5. “Precious: Based on the Novel ‘Push’ by Sapphire.” This harrowing but ultimately uplifting drama about a pregnant Harlem teen (astonishing newcomer Gabourey Sidibe) trying to overcome incest, abuse, obesity, illiteracy and poverty may be stomach-turning and heart-breaking to watch but should be required viewing in the so-called land of plenty. Mo’Nique deserves an Oscar for her bowel-loosening turn as Precious’ vicious mother.

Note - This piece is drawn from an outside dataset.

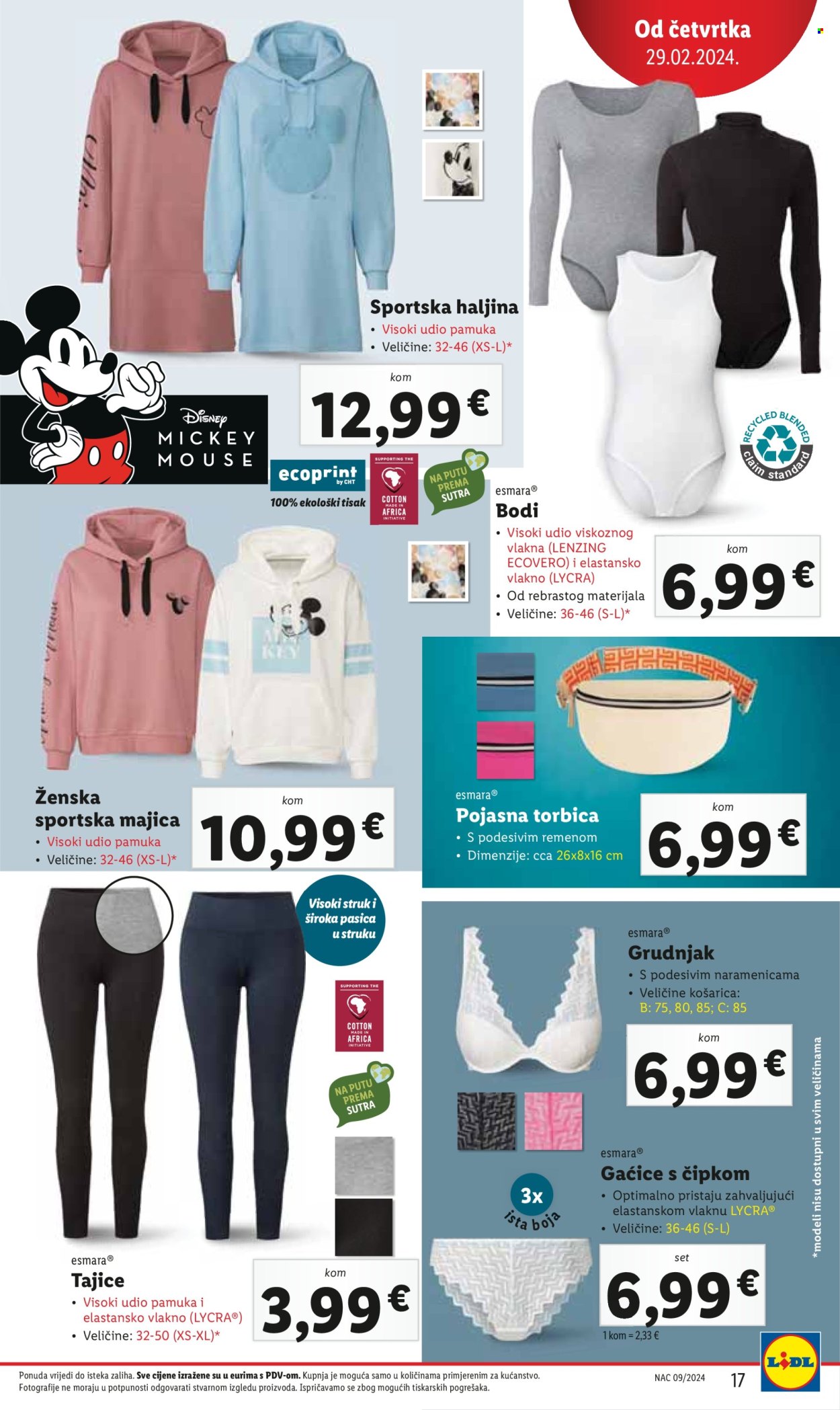 Lidl katalog - 29.02.2024. - 03.03.2024. Stranica 17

6. “Fantastic Mr. Fox.” Auteur Wes Anderson shows a delightful knack for animation, using eye-popping stop-motion techniques, along with his trademark dry wit and quirky sensibilities, to craft a subversively funny film based on Roald Dahl’s children’s book about a chicken-snatching fox (George Clooney) and the farmers who want to kill him.
7. “Up.” The brilliant minds at Pixar continue to propel animated films to new heights with the imaginative, tender and madcap tale of a grieving balloon peddler (voice of Ed Asner) who turns his house into a makeshift airship and takes an exotic journey to South America.
8. “District 9.” Writer-director Neill Blomkamp revolutionizes the alien-invasion subgenre while mining the classic tradition of the best science-fiction films. His feature film debut employs immersive, documentary-style realism to tell an otherworldly tale with relevant themes about the human capacity for prejudice, exploitation and cooperation.
9. “Invictus.” As a director, Clint Eastwood is renowned for dark fare such as “Gran Torino,” “Unforgiven” and “Million Dollar Baby.” With help from stalwart stars Morgan Freeman and Matt Damon, Eastwood proves he can make an inspiring yet meaningful crowd-pleaser with his true-life story of South African President Nelson Mandela’s (Freeman) efforts to use the power of sport to unite his divided nation.
10. “The Brothers Bloom.” Watching the first half of writer-director Rian Johnson’s con-man caper was the best time I had at the movies all year. Through the intricate plot twists of the second half, the film’s eccentric characters, raucous good humor and magical realism keep it a sublime cinematic experience.